• **Exercise brief**
With the images removed, return every line below exactly as it reads.

• **Given data**
-=-=-
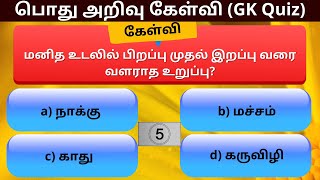 Tamilnadu GK Quiz | General Knowledge | Tamil | Dual Voice GK | 241 | screenshot 4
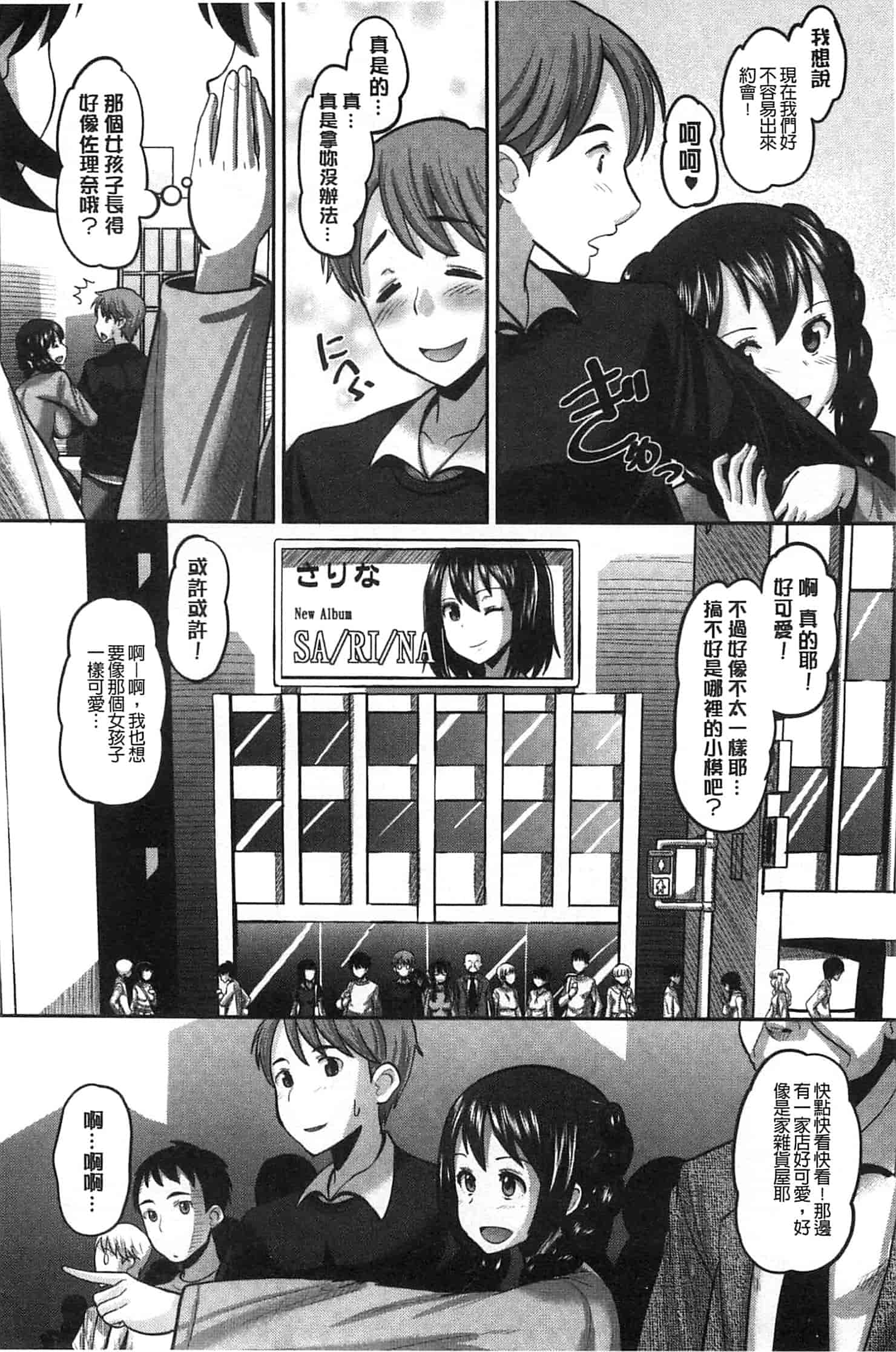 汉化版-[野良黒ネロ] Idol Lover_第3集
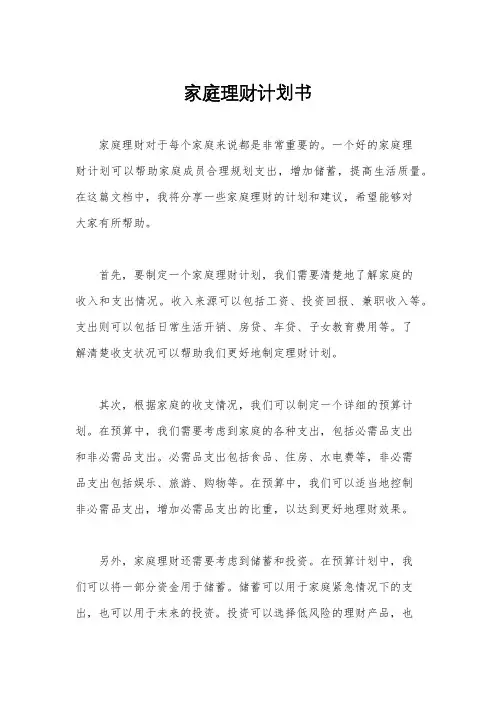 家庭理财计划书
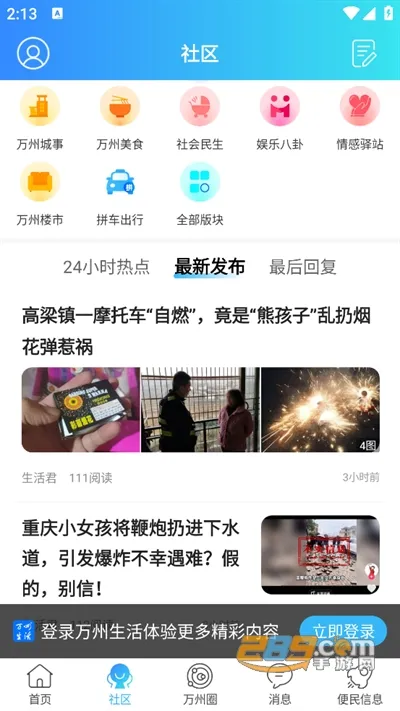 ��������v5.1 �ֻ����ͼ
-=-=-
• **Result for this task**
 Tamilnadu GK Quiz | General Knowledge | Tamil | Dual Voice GK | 241 | screenshot 4
 汉化版-[野良黒ネロ] Idol Lover_第3集
 家庭理财计划书
 ��������v5.1 �ֻ����ͼ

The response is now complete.